Following training exercises in Hawaiian waters, Wasp steamed to the Marshall Islands and at Majuro, Rear Admiral Alfred E. Montgomery's newly formed Task Group 58.6 (TG 58.6) of Vice Admiral Marc A. Mitscher's Fast Carrier Task Force (TF 58). On 14 May, she and her sister carriers of TG 58.6, Essex and San Jacinto, sortied for raids on Marcus and Wake Islands to give the new task group combat experience to test a recently devised system of assigning—before takeoff—each pilot a specific target, and to neutralize those islands for the forthcoming Marianas Campaign. As the force neared Marcus, it split, sending San Jacinto north to search for Japanese picket boats while Wasp and Essex launched strikes on 19 and 20 May, aimed at installations on the island. American planes encountered heavy Antiaircraft fire but still managed to do enough damage to prevent Japanese forces on the island from interfering with the impending assault on Saipan.
USS Wasp at Ulithi atoll on 8 December 1944.
When weather canceled launches planned for 21 May, the two carriers rejoined San Jacinto and steamed to Wake.
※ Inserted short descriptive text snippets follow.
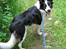 Border collie Cron-Heede Mari (Cody)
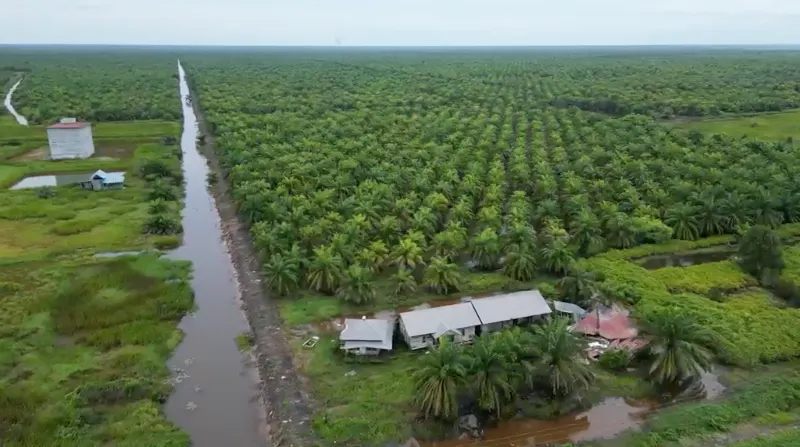 Tanah Kebun Sawit Dijual 604 Hektar di Tapin 4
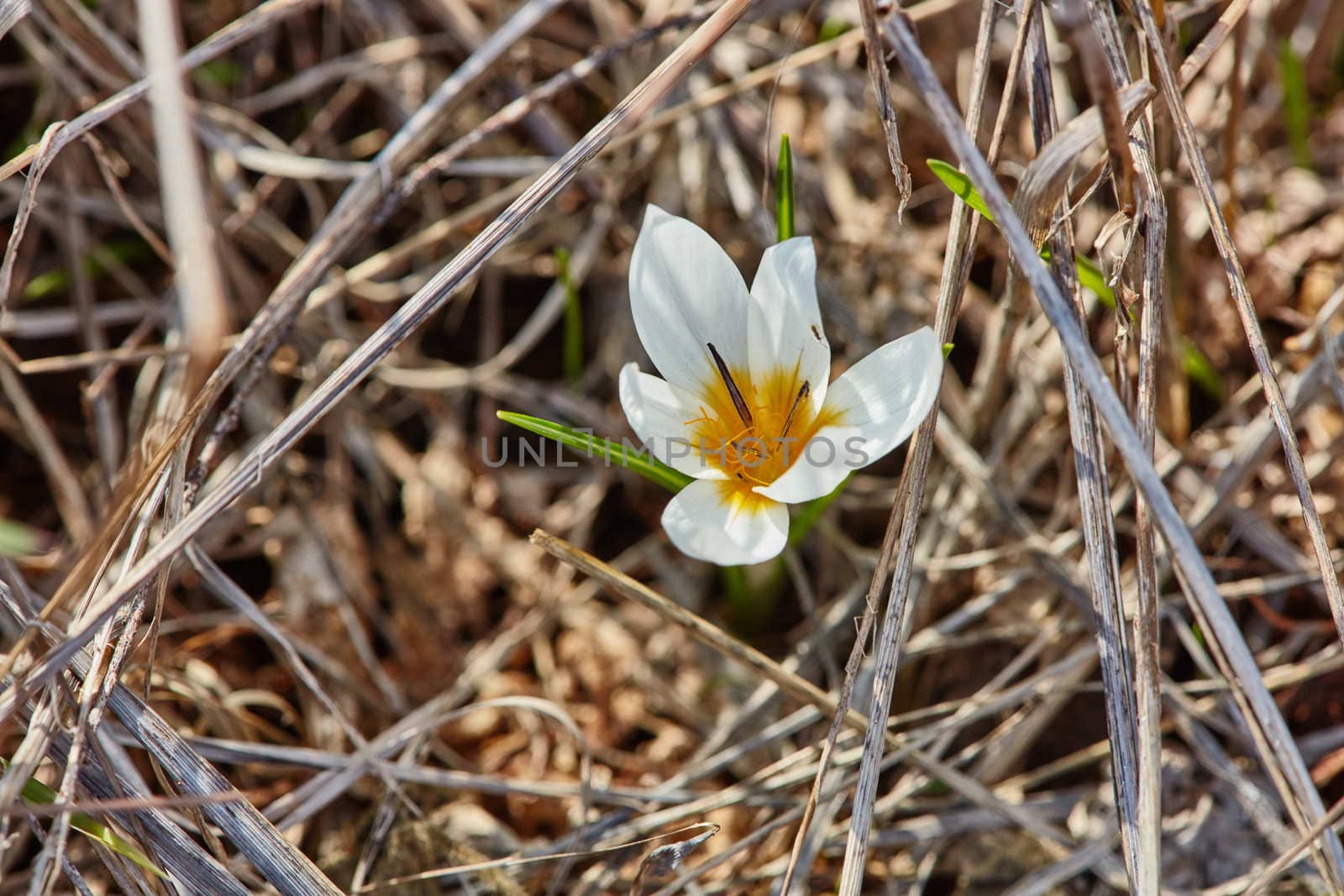 Crocus flowers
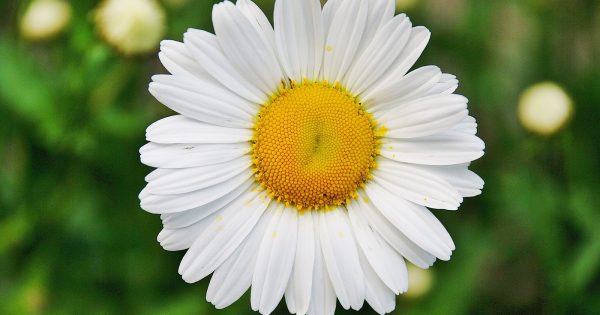 Weekly Photography Assignment: Flowers - Nature TTL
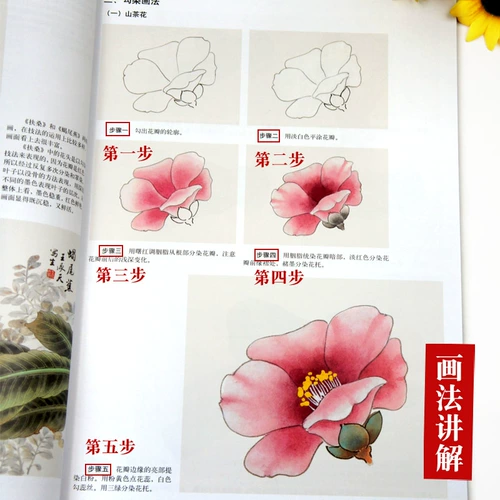 Тщательный контур цветка и метод рисования без костей. Интерпретация методов живописи известных китайских художников. Составлено и проиллюстрировано Ван Чэнтянем. Тяньцзиньское общество живописцев Янлюцин. Традиционные китайские техники рисования. Базовый шаблон для начинающих рисовать. Демонстрация практических шагов копирования. Подлинная книга.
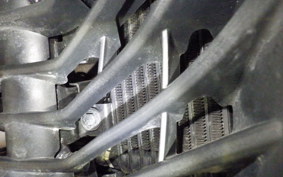 SUZUKI ｼﾞｸｻｰ250SF 2025 ED22B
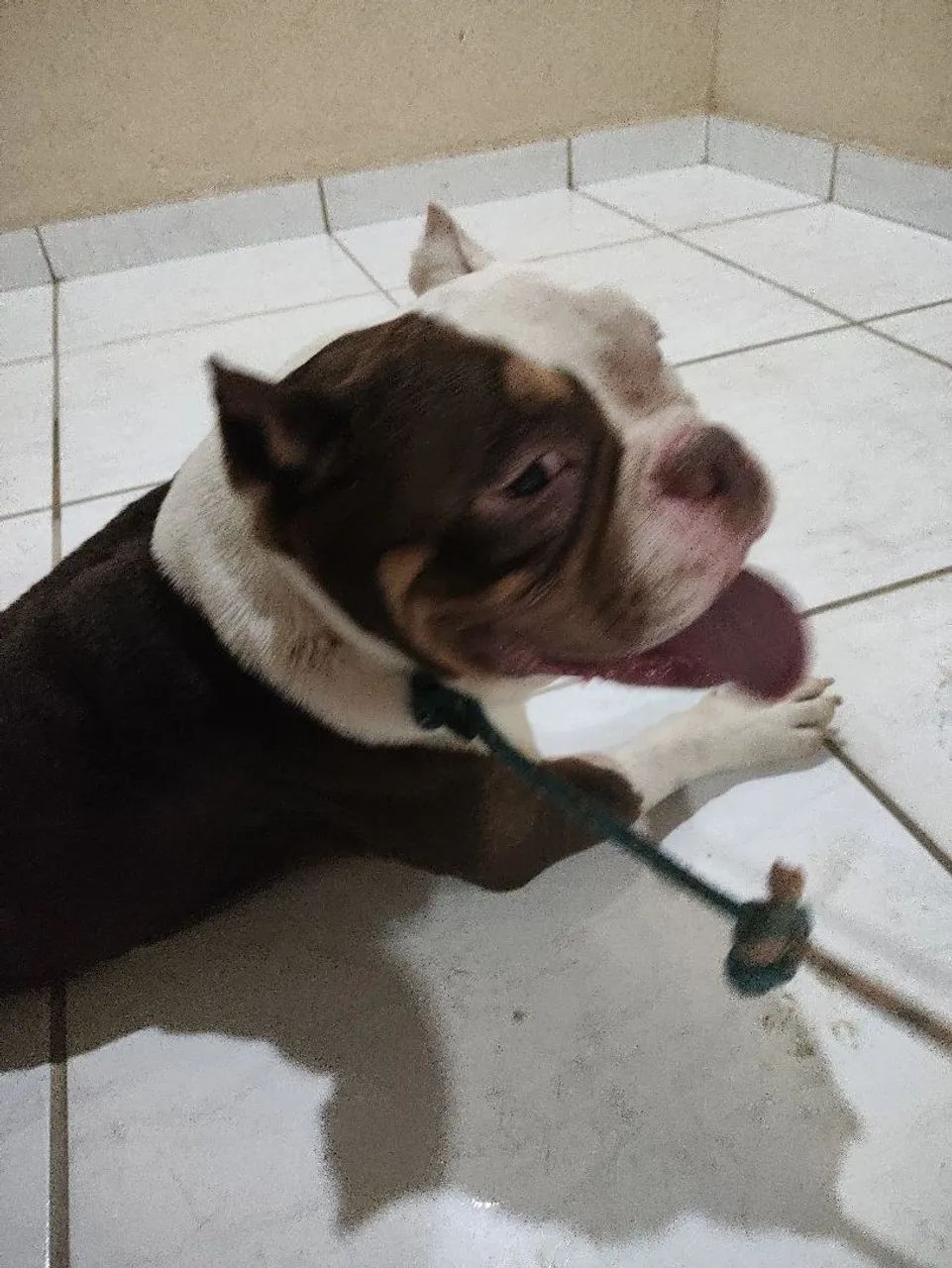American Bully  - Foto 4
Planes from all three carriers pounded that island on 24 May and were sufficiently effective to neutralize that base. However, the system of pre-selecting targets for each plane fell short of the Navy's expectations, and, thereafter, tactical air commanders resumed responsibility for directing the attacks of their planes.
After the strike on Wake, TG 58.6 returned to Majuro to prepare for the Marianas campaign. On 6 June, Wasp—reassigned to TG 58.2 which was also commanded by Rear Admiral Montgomery—sortied for the invasion of Saipan. During the afternoon of 11 June, she and her sister carriers launched fighters for strikes against Japanese air bases on Saipan and Tinian. They were challenged by some 30 land-based fighters, which they promptly shot down. Antiaircraft fire was heavy, but the American planes braved it as they went on to destroy many of the Japanese aircraft still on the ground.
During the next three days, the American fighters—now joined by bombers—pounded installations on Saipan to soften up Japanese defenses for American assault troops who would go ashore on 15 June. That day and thereafter until the morning of June, planes from TGs 58.2 and TG 58.3 provided close air support for Marines fighting on the Saipan beachhead.
The fast carriers of those task groups then turned over to escort carriers responsibility for providing air support for the American ground forces, refueled, and steamed to rendezvous with TGs 58.1 and 58.4 which were returning from strikes against Chichi and Iwo Jima to prevent Japanese air bases on those islands from being used to launch attacks against American forces on or near Saipan.
Meanwhile, Japan—determined to defend Saipan, no matter how high the cost—was sending Admiral Jisaburō Ozawa's powerful First Mobile Fleet from the Sulu Islands to the Marianas to sink the warships of Admiral Raymond A. Spruance's 5th Fleet and to annihilate the American troops who had fought their way ashore on Saipan. Soon after the Japanese task force sortied from Tawi Tawi on the morning of 13 June, American submarine Redfin spotted and reported it. Other submarines—which from time to time made contact with Ozawa's warships—kept Spruance posted on their progress as they wended their way through the Philippine Islands, transited San Bernardino Strait, and entered the Philippine Sea.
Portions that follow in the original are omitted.